3 things I learned from my first solo trip abroad

I am currently sitting at the Heathrow airport eating my 5th croissant in the past 4 days. I am leaving today with a full heart and a changed perspective.

Last week, I had extreme anxiety and fear about my first ever international solo trip. I didn’t plan to do a solo trip…it just sort of happened. I have a conference budget at work (#workperks) and was able to use that money to attend the JAM conference in London.

My plan was to bring Chase, my husband and traveling pro, along with me. Every time we’ve traveled in the past, he has done everything and I just show up. It’s awesome! It’s also very helpful because I’m quite directionally challenged and can be a bit of an airhead sometimes. Thus, a few weeks before the trip he told me he couldn’t come. I was fine at the time, but as the days counted down, I began to freak out.

The night before I left, I laid face first on the floor pouting and complaining to Chase. I told him I didn’t want to go. I was just so afraid. Afraid of getting lost, being alone, getting taken…I was fearful of all the unknowns.

He told me (in a loving way) to suck it up and that I would enjoy it. I didn’t realize it at the moment but his wise advice, as usual, was right. And like most things in my life that I dread, it ended up being an incredible life experience. Who would have guessed?!

Here are the 3 things I learned on my first solo trip abroad:

1. Empathy, empathy, empathy

I’m laughing as I write this because I’m getting tested on this right now! I’m listening to a woman loudly face-timing as they are starting boarding calls on the over-com. The noise is deafening, but it is a prime example of this point.

Traveling is blooming with situations that are annoying and frustrating because traveling usually involves lots and lots of different people and personalities. When I first started my trip, this drove me INSANE. I didn’t think I was going to make it. There were so many people getting on my nerves I about went mad. I realized that I had to adapt or I’d have an awful time.
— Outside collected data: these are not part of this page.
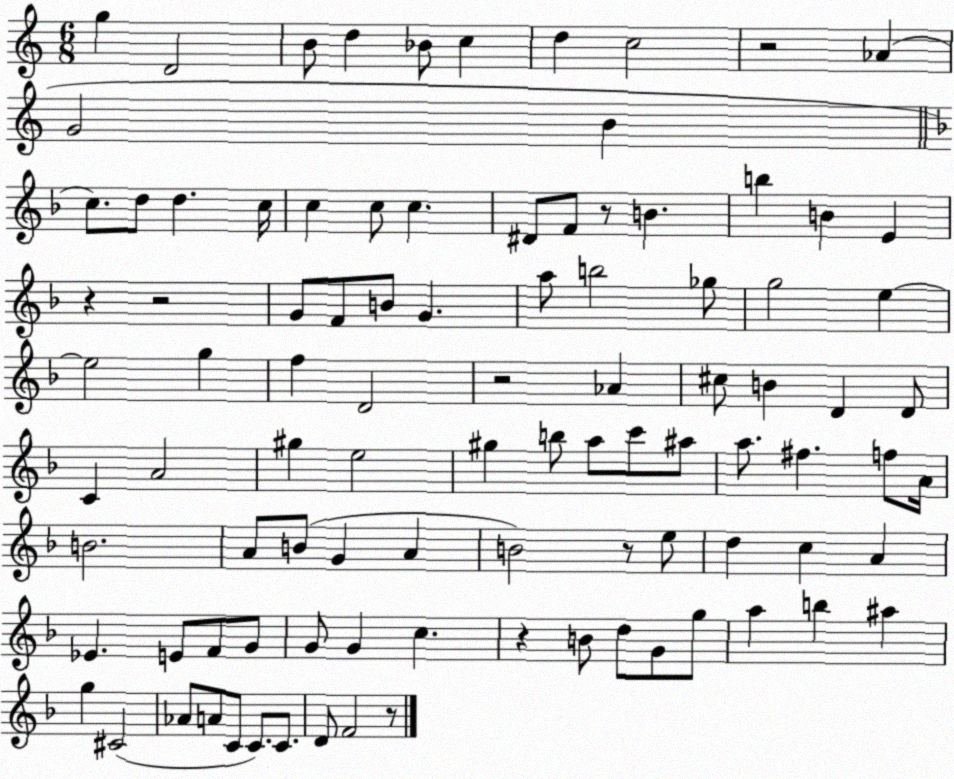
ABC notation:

X:1
T:Untitled
M:6/8
L:1/4
K:C
g D2 B/2 d _B/2 c d c2 z2 _A G2 B c/2 d/2 d c/4 c c/2 c ^D/2 F/2 z/2 B b B E z z2 G/2 F/2 B/2 G a/2 b2 _g/2 g2 e e2 g f D2 z2 _A ^c/2 B D D/2 C A2 ^g e2 ^g b/2 a/2 c'/2 ^a/2 a/2 ^f f/2 A/4 B2 A/2 B/2 G A B2 z/2 e/2 d c A _E E/2 F/2 G/2 G/2 G c z B/2 d/2 G/2 g/2 a b ^a g ^C2 _A/2 A/2 C/2 C/2 C/2 D/2 F2 z/2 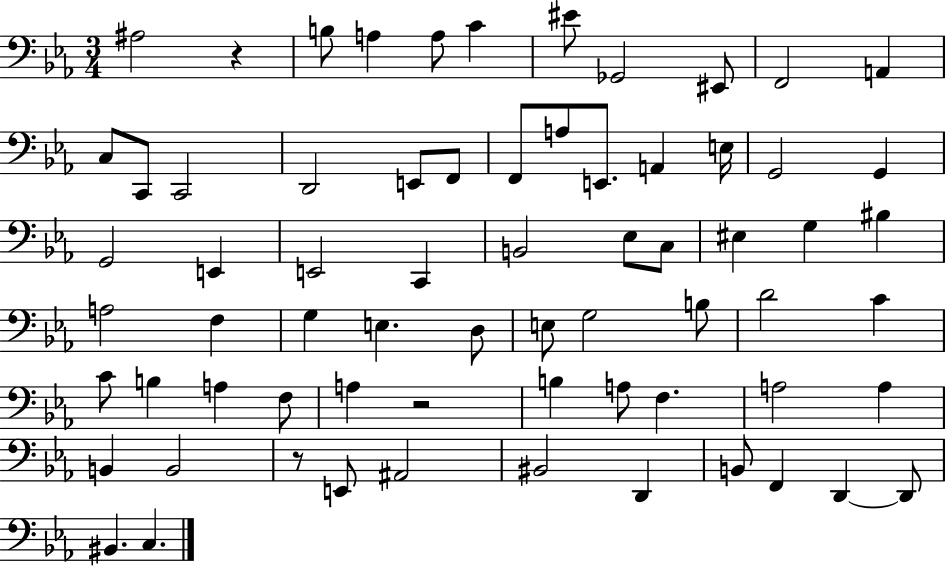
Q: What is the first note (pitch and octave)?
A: A#3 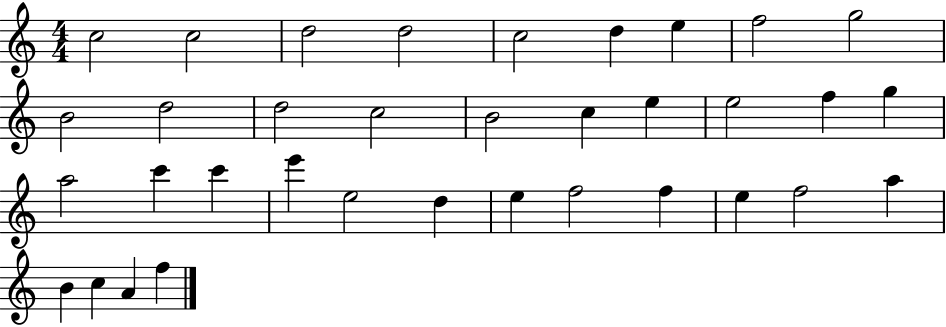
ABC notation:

X:1
T:Untitled
M:4/4
L:1/4
K:C
c2 c2 d2 d2 c2 d e f2 g2 B2 d2 d2 c2 B2 c e e2 f g a2 c' c' e' e2 d e f2 f e f2 a B c A f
So here’s what I did…I started imagining myself in the bodies of the people that annoy me. I put myself in the shoes of lady across from me thinking about if I needed to talk with my loved ones before boarding a 9 hour flight. I really thought about what it was like for her and my annoyance eased…at least a little bit.
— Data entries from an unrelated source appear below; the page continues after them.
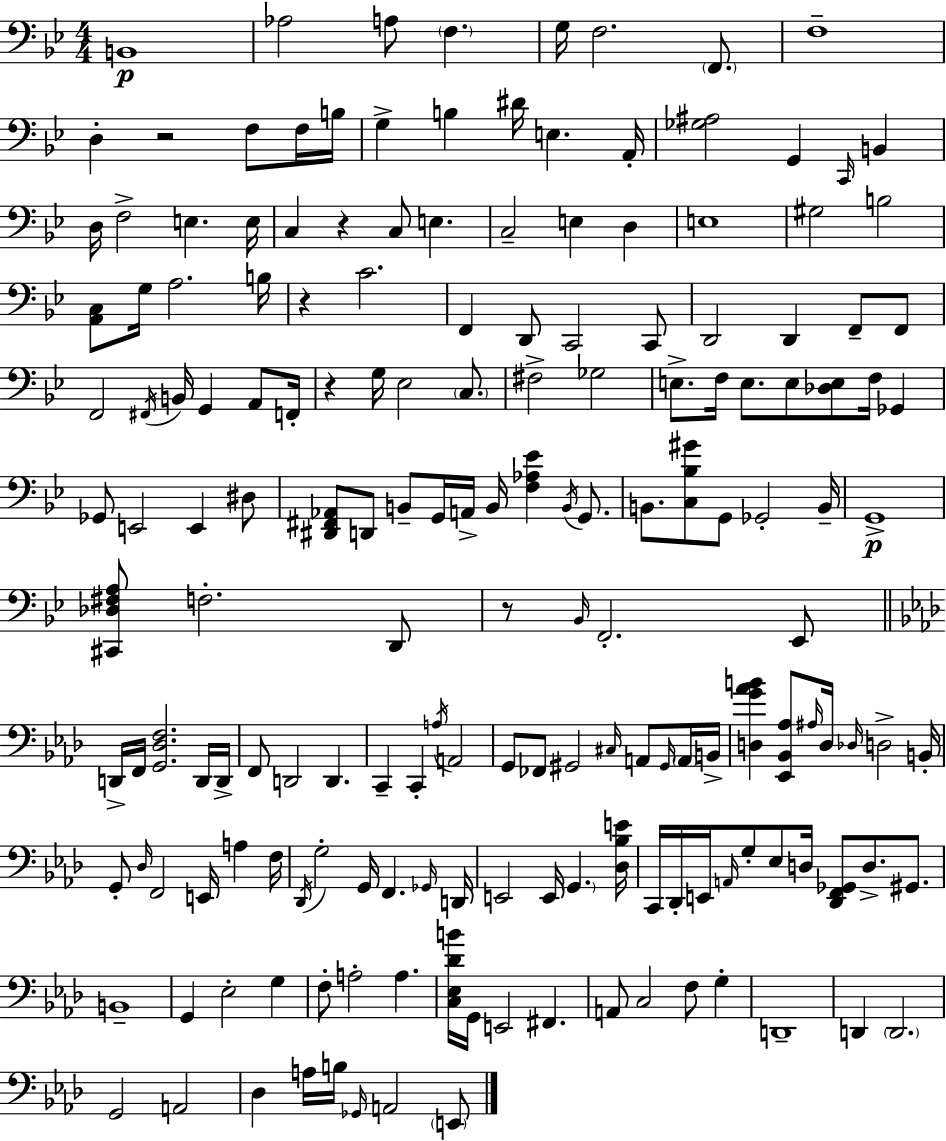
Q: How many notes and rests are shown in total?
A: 174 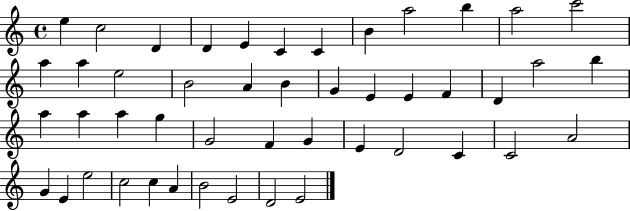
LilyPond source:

{
  \clef treble
  \time 4/4
  \defaultTimeSignature
  \key c \major
  e''4 c''2 d'4 | d'4 e'4 c'4 c'4 | b'4 a''2 b''4 | a''2 c'''2 | \break a''4 a''4 e''2 | b'2 a'4 b'4 | g'4 e'4 e'4 f'4 | d'4 a''2 b''4 | \break a''4 a''4 a''4 g''4 | g'2 f'4 g'4 | e'4 d'2 c'4 | c'2 a'2 | \break g'4 e'4 e''2 | c''2 c''4 a'4 | b'2 e'2 | d'2 e'2 | \break \bar "|."
}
It’s so easy to give ourselves excuses.

  • ‘I needed to check in on a sick loved one.’
  • ‘I wanted to face-time with my kid before I left.’

But when it’s other people it’s so easy to blame them isn’t it?

  • ‘How could they be so rude?’ ‘
  • What are they thinking?’

By using empathy, I was better able to rationalize and give myself and others some grace. Plus, I tried to remind myself how many times I annoy other people! It’s easier to give them a break that way.

2. I’m a strong, independant woman!

Throughout the course of my travel, I had to be strong. There were so many situations that arose that I just had to deal with. I couldn’t rely on Chase or anyone else, I only had me. This caused me to go into sort of a fight or flight mode of survival.

In situations that would usually cause me intense stress like…losing my license, bank card and taking the wrong train…I actually was able to cope quite well. I had to!

This self-reliance was so empowering.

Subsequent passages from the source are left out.